Tuesday night between the invigorating Chris Sale 8th inning relief appearance and just before Craig Kimbrel decided to induce regional heart failure to a nation of fans, I saw something mine eyes have longed to see but had never seen on the faces of an anxious Yankee fan base: FEAR. Utter fear and vulnerability across tens of thousands of Yankees fans stuck out on the television screen like a burp in church and I loved every second of it. (Save for seven batters in the 9th inning).

Yankees fans for way too long have carried a perfectly horrible combination of crass, obnoxiousness, arrogance, belligerence, lazy speech, vulgarity, limited vocabulary, boisterousness, smugness and entitlement and they wear it proudly like it’s some badge of honor. Newsflash: it isn’t. If this sounds like you then although we’ve never formally met, please know that I hate you from the bottom of my soul.
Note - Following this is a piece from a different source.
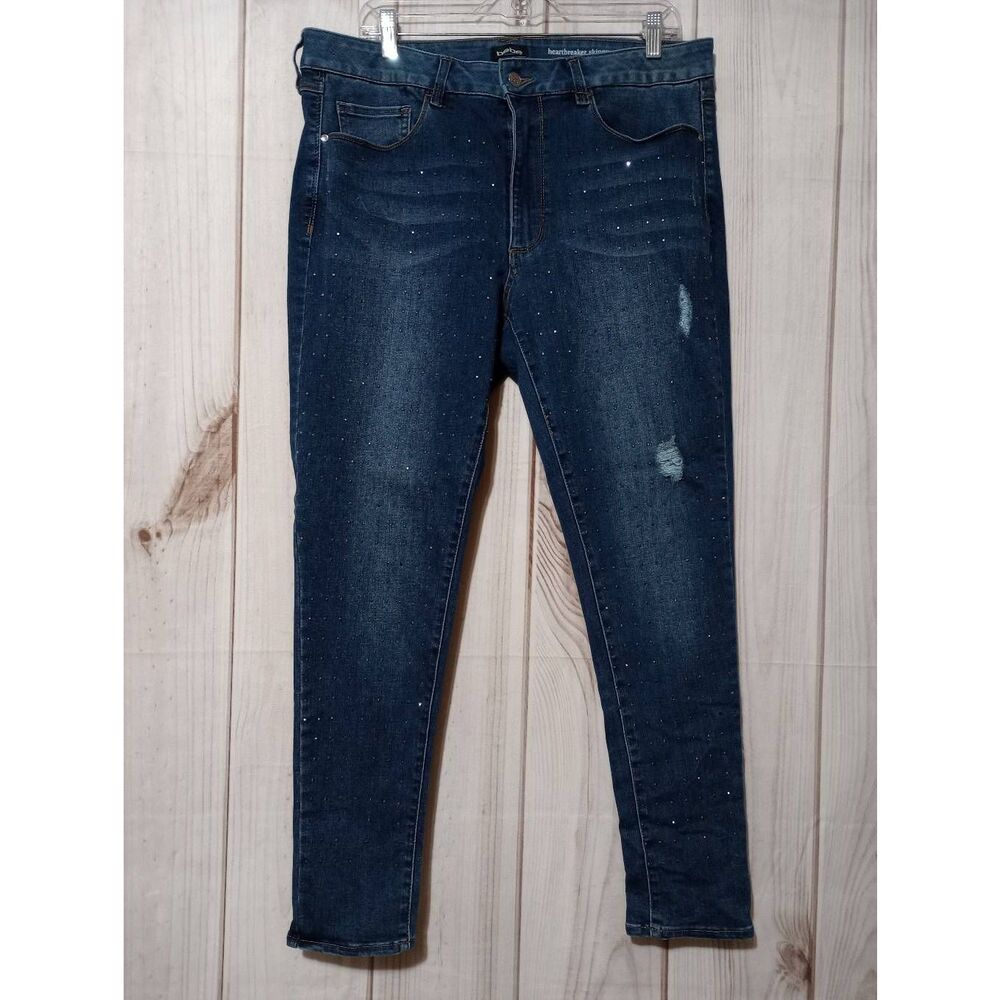 Bebe Heartbreaker Skinny Jeans Dark Wash Rhinestone Distressed Womens 16W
I’m sure most people surrounding you do too, particularly those whom you have trampled over, obnoxiously shouted over and spilled beer on during your unwelcome annual visits to Fenway Park, visits you can now stop making by the way. 

In 2004, when the Red Sox made their improbable and epic comeback against the hated Yankees the looks on the faces in Yankee Stadium were different, pleasurable to Red Sox fans but different. The 2004 expression was one of shock and confusion. Similar to that of a squirrel that’s just about to get destroyed by a car. Yes as fun as that was, that specific celebration was more about the moment itself. The exorcism of generations of baseball carnage and heartbreak healing a nation of fans so desperate to break through. That’s what 2004 was about. However, Tuesday night was all about Yankee fans getting there long overdue payback and I for one loved every second of it.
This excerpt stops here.